# Activity:
Would you transcribe only the lines from the one holding "Images for Courtney Avenue, Lurgan" through the end of the material, exactly, without any pictures?

# Information given:
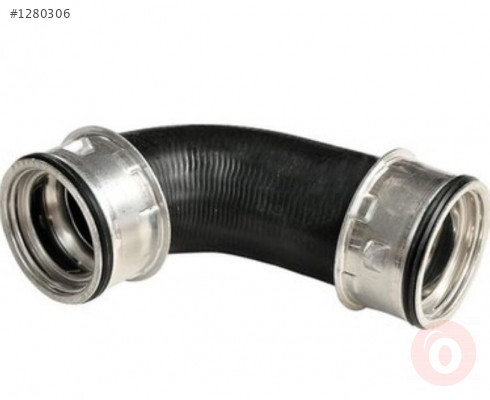 CADDY GOLF JETTA A3 LEON 1.9 TDİ TURBO HORTUMU 1K0145790C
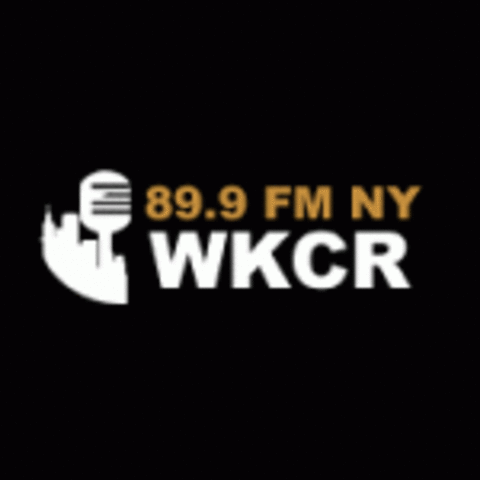 WKCR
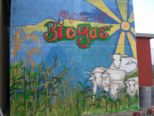 graffiti068.jpg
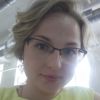 Елена Кулешова о компании Теплоджии-Мнр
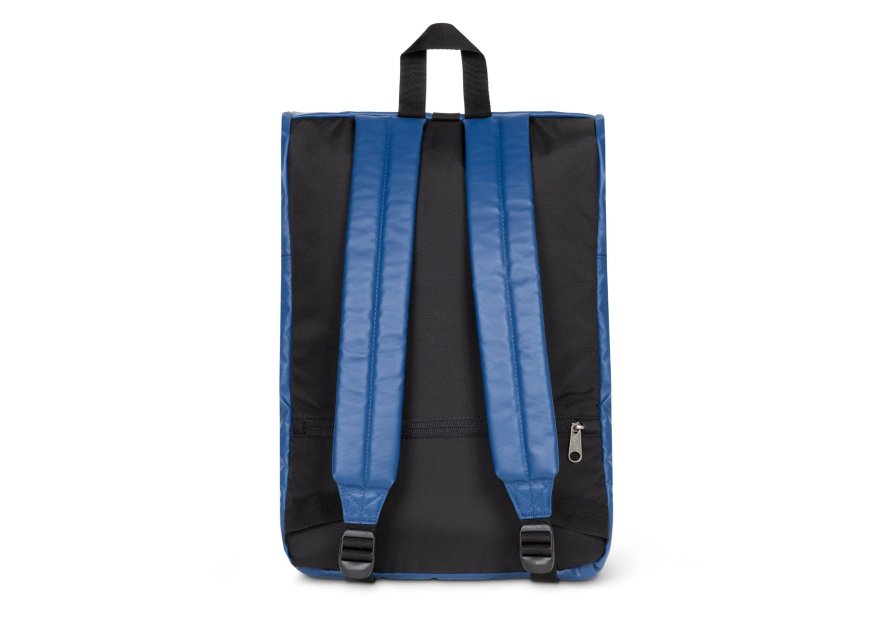 Eastpak K0A5BGF - POLYESTER ENDUIT - TAR sac à dos roll up tarp Sac business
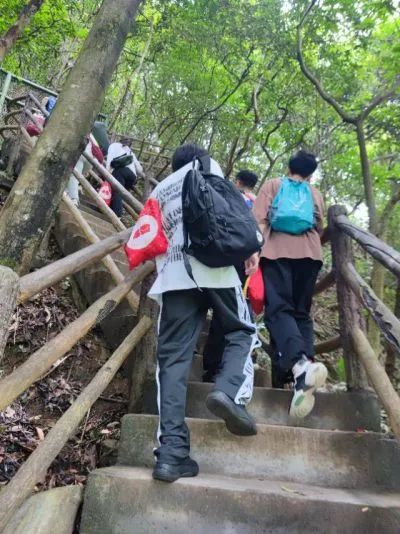 微信图片_20240301193535.jpg 微信图片_20240301193535.jpg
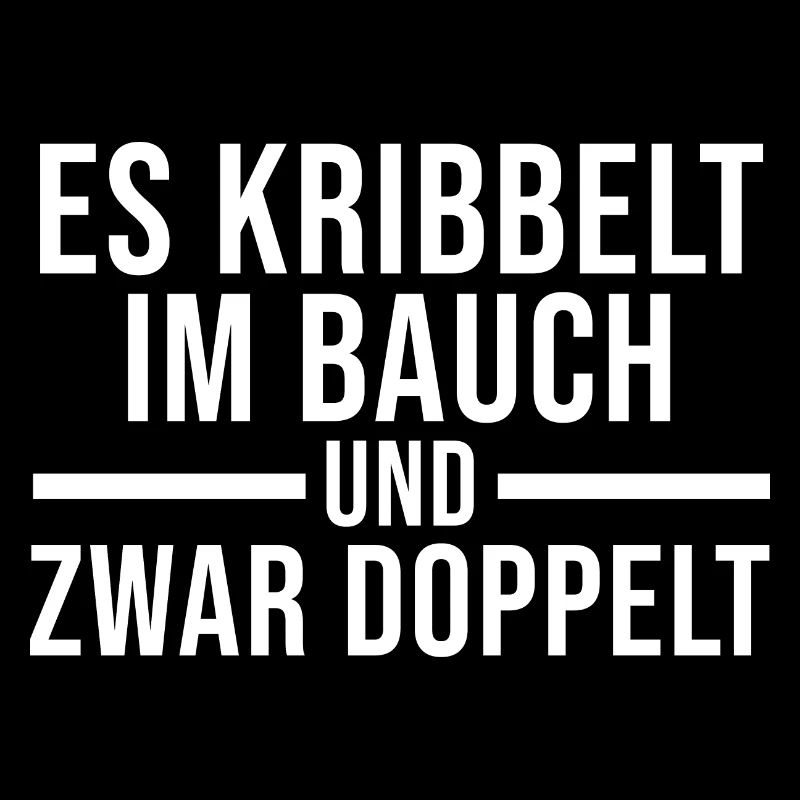Mutter Schwangerschaft Schwanger Werdende Mama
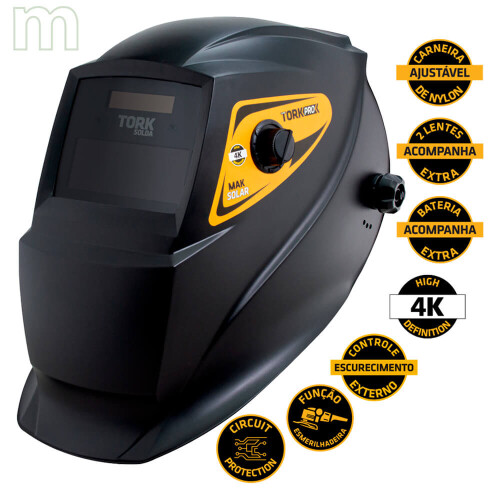 mascara-de-solda-escurecimento-automatico-mak-solar-msea-701-4k-bateria-extra-2-lentes-extras-to_09_MTT6MCS011.jpg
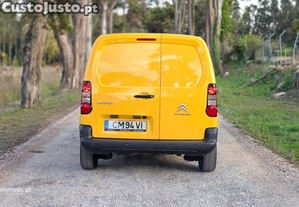 imagem_7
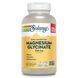 Magnesium Glycinate 350mg - 240 vcaps 2022-10-2451 фото 1
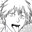 Denji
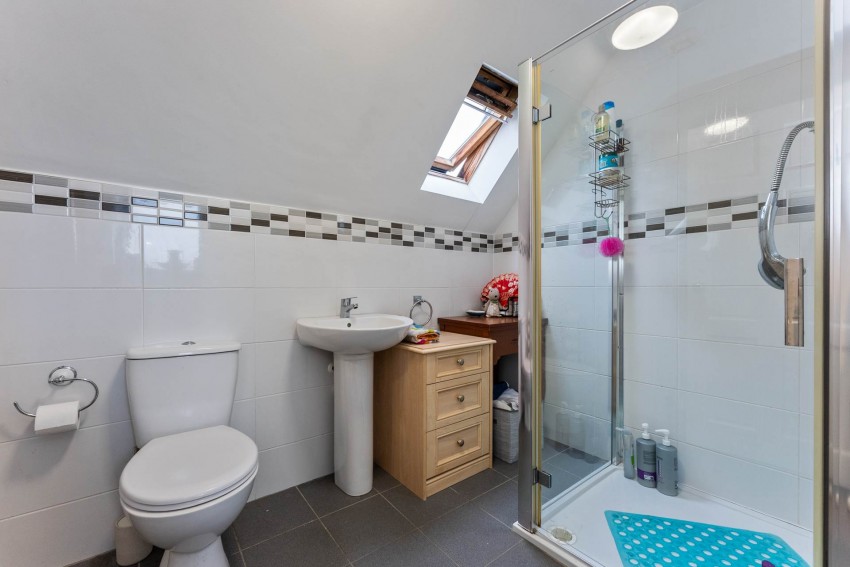 Images for Courtney Avenue, Lurgan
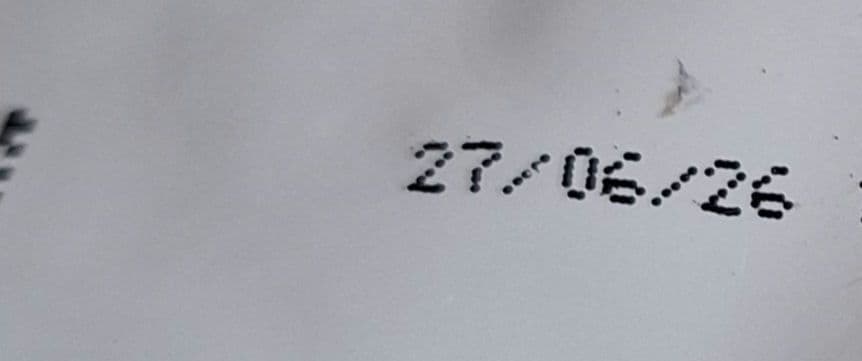 ロイヤルカナン　ゴールデンレトリバー CANIN 12kg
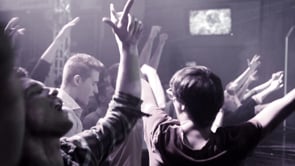 Sick Individuals pres. Moguai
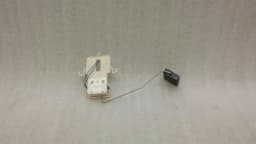 MERCEDES-BENZ Mercedes SLK R172 Fuel Transmitter Unit A1715420617 Fuel Sender — thumbnail 2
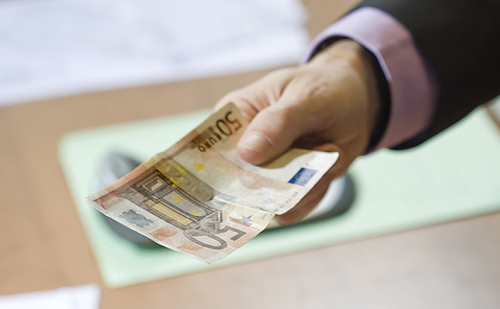 開拓者交易軟件免費嗎 開拓者交易軟件免費嗎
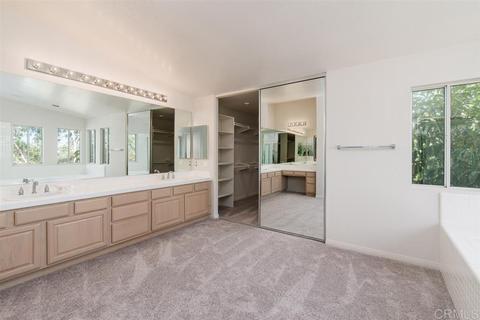 369 Justina Dr, Oceanside, CA 92057 photo 14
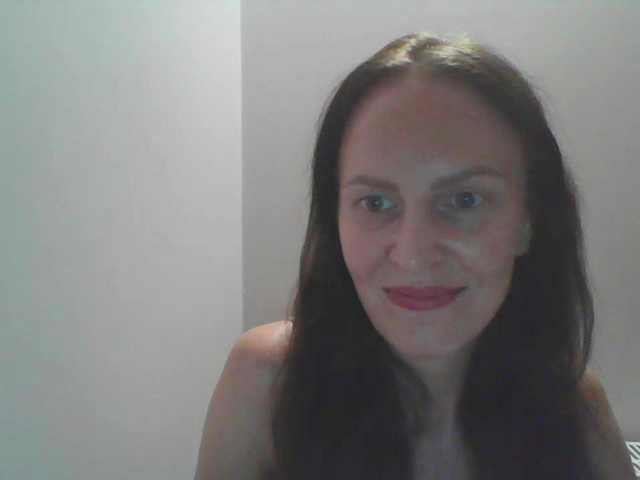 AnnaDear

# Reply to the task:
 Images for Courtney Avenue, Lurgan
 ロイヤルカナン　ゴールデンレトリバー CANIN 12kg
 Sick Individuals pres. Moguai
 MERCEDES-BENZ Mercedes SLK R172 Fuel Transmitter Unit A1715420617 Fuel Sender — thumbnail 2
 開拓者交易軟件免費嗎 開拓者交易軟件免費嗎
 369 Justina Dr, Oceanside, CA 92057 photo 14
 AnnaDear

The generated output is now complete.